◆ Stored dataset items
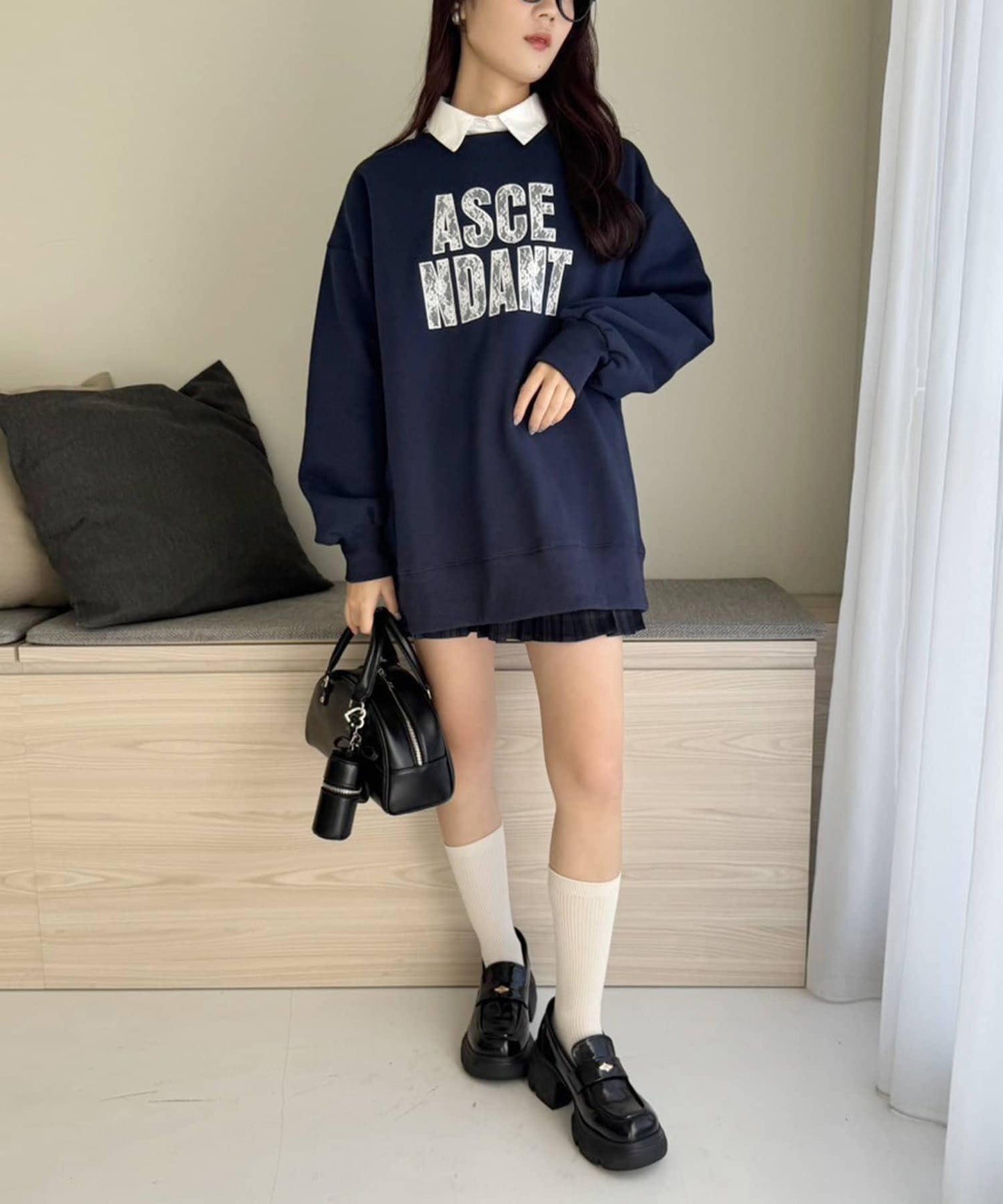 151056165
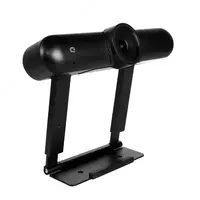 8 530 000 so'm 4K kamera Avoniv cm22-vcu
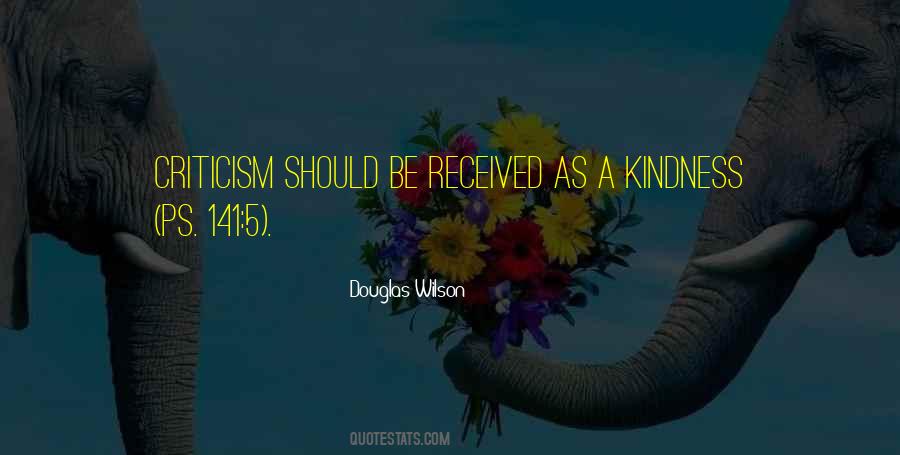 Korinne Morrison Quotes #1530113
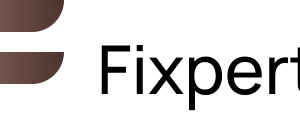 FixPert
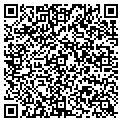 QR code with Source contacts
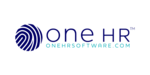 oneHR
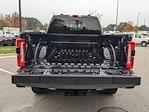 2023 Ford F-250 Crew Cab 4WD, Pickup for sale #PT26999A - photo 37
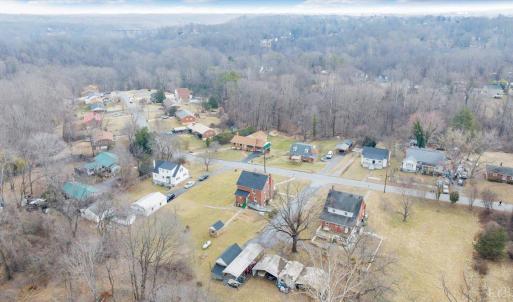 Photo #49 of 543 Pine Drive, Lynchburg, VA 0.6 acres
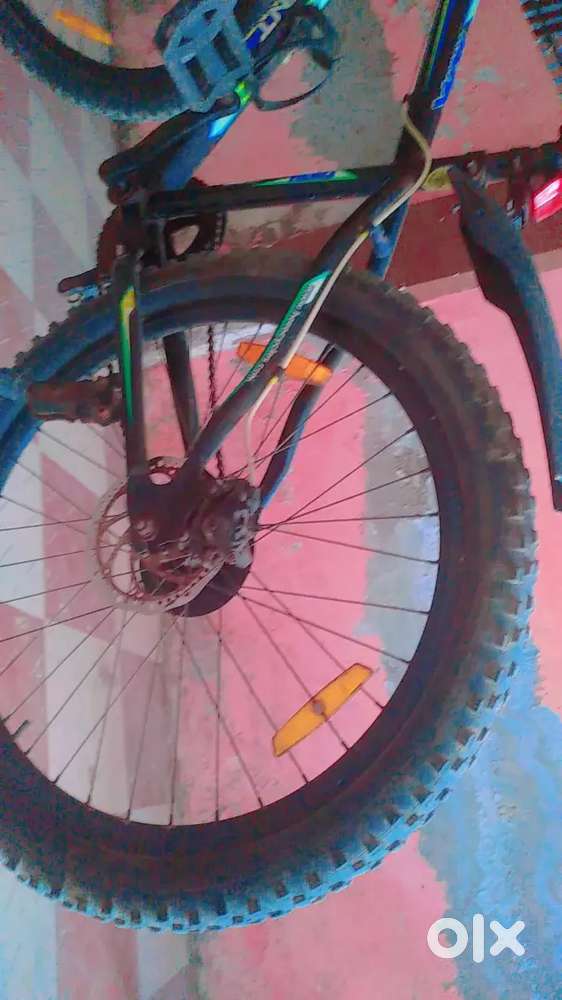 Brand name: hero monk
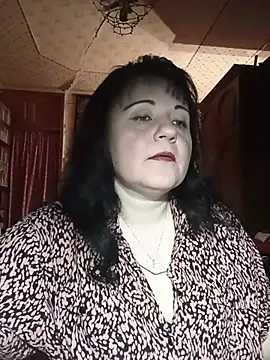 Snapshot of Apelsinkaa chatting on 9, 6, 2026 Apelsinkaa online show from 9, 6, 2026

◆ TASK TO COMPLETE
Without any pictures, please reproduce the full set of entries.

◆ TASK SOLUTION
 151056165
 8 530 000 so'm 4K kamera Avoniv cm22-vcu
 Korinne Morrison Quotes #1530113
 FixPert
 QR code with Source contacts
 oneHR
 2023 Ford F-250 Crew Cab 4WD, Pickup for sale #PT26999A - photo 37
 Photo #49 of 543 Pine Drive, Lynchburg, VA 0.6 acres
 Brand name: hero monk
 Snapshot of Apelsinkaa chatting on 9, 6, 2026 Apelsinkaa online show from 9, 6, 2026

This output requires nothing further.